[Gluster-devel] Throttling xlator on the bricks

Wed Mar 9 03:15:35 UTC 2016

On 02/13/2016 09:06 AM, Pranith Kumar Karampuri wrote:
>
>
> On 02/13/2016 12:13 AM, Richard Wareing wrote:
>> Hey Ravi,
>>
>> I'll ping Shreyas about this today.  There's also a patch we'll need 
>> for multi-threaded SHD to fix the least-pri queuing.  The PID of the 
>> process wasn't tagged correctly via the call frame in my original 
>> patch.  The patch below fixes this (for 3.6.3), I didn't see 
>> multi-threaded self heal on github/master yet so let me know what 
>> branch you need this patch on and I can come up with a clean patch.
>
> Hi Richard,
>          I reviewed the patch and found that the same needs to be done 
> even for ec.

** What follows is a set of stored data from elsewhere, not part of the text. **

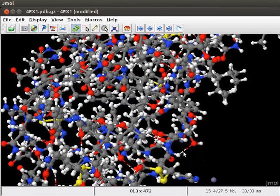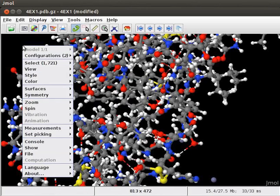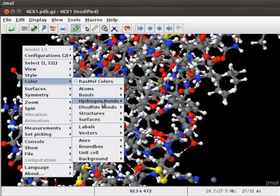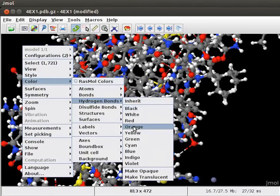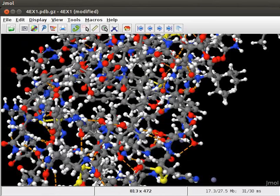We can also change the color of Hydrogen bonds. From the pop-up menu, scroll down to Color, then Hydrogen bonds, then click on Orange option. On the panel, we have all the Hydrogen bonds in orange color.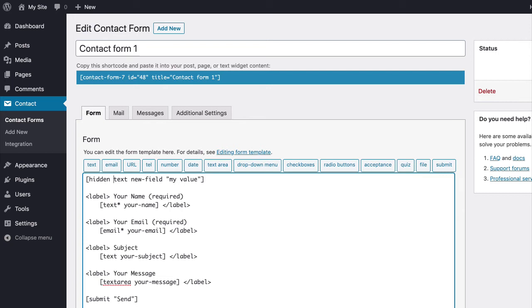Don't forget to save your changes. And that's it. That is how you can add a hidden field in Contact Form 7.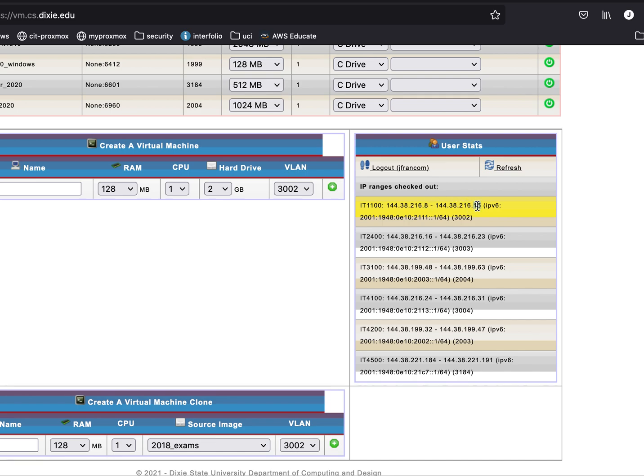And then dot 15 we can't use that one either - beyond the scope of this class to discuss why. But I can use any other number in between to assign to my virtual machines. So I can't use 9, remember, but I can use 10, 11, 12, 13, 14. I can use any of those to assign to my virtual machines. I'm going to use 14.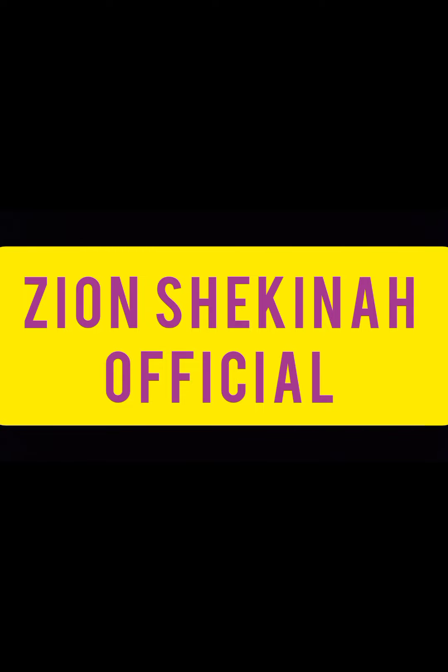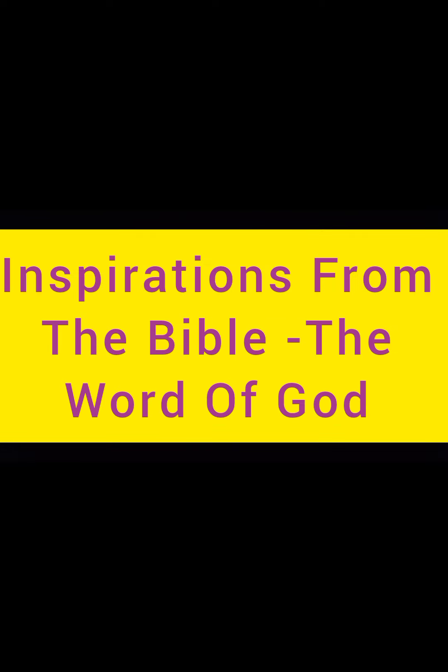Hello everyone, welcome to my channel Zion Shekinah Official. Zion is God's dwelling place and Shekinah is God's glory.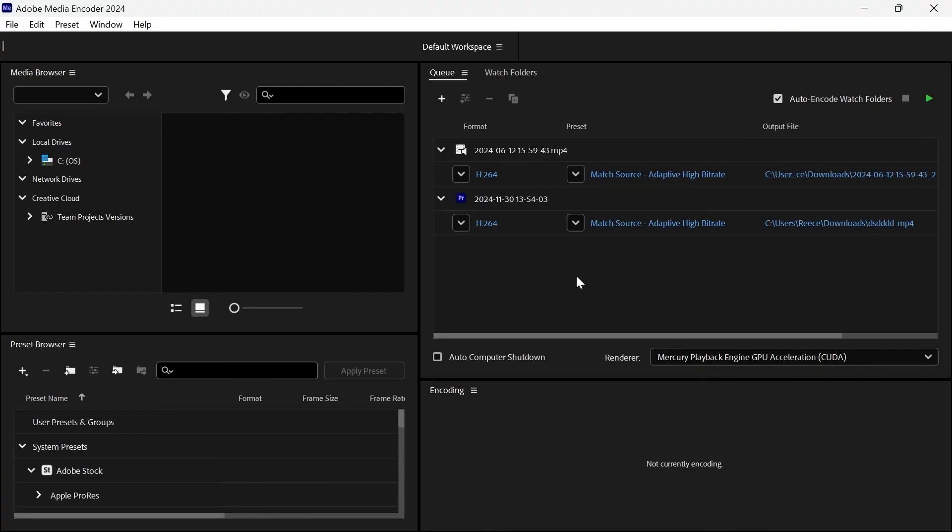So now you can try exporting your project from Premiere Pro or Illustrator and that should have now fixed any rendering issues you were experiencing. If you did find this video helpful then let me know in the comments and I'll see you in the next one.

So I am thinking if I can split it out as two different 
> patches, 1 patch in syncop-utils which builds the functionality of 
> parallelization. Another patch which uses this in afr, ec. Do you mind 
> if I give it a go? I can complete it by end of Wednesday.

Richard,
        After starting this work, I found a few things we can improve in 
this patch based on the results we got in testing.
1) We are reading all the indices before we launch self-heals. In some 
customer cases I worked on there were almost 5million files/directories 
that needed heal. With such a big number self-heal daemon will be OOM 
killed if we go this route. So I modified this to launch heals based on 
a queue length limit.

2) We found that for directory hierarchies, multi-threaded self-heal 
patch was not giving better results compared to single-threaded 
self-heal because of the order problems. We improved index xlator to 
give gfid type to make sure that all directories in the indices are 
healed before the files that follow in that iteration of readdir 
output(http://review.gluster.org/13553). In our testing this lead to 
zero errors of self-heals as we were only doing self-heals in parallel 
for files and not directories. I think we can further improve self-heal 
speed for directories by doing name heals in parallel based on similar 
techniques your patch showed. I think the best thing there would be to 
introduce synccond_t infra (pthread_cond_t kind of infra for syncops) 
which I am planning to implement for future releases.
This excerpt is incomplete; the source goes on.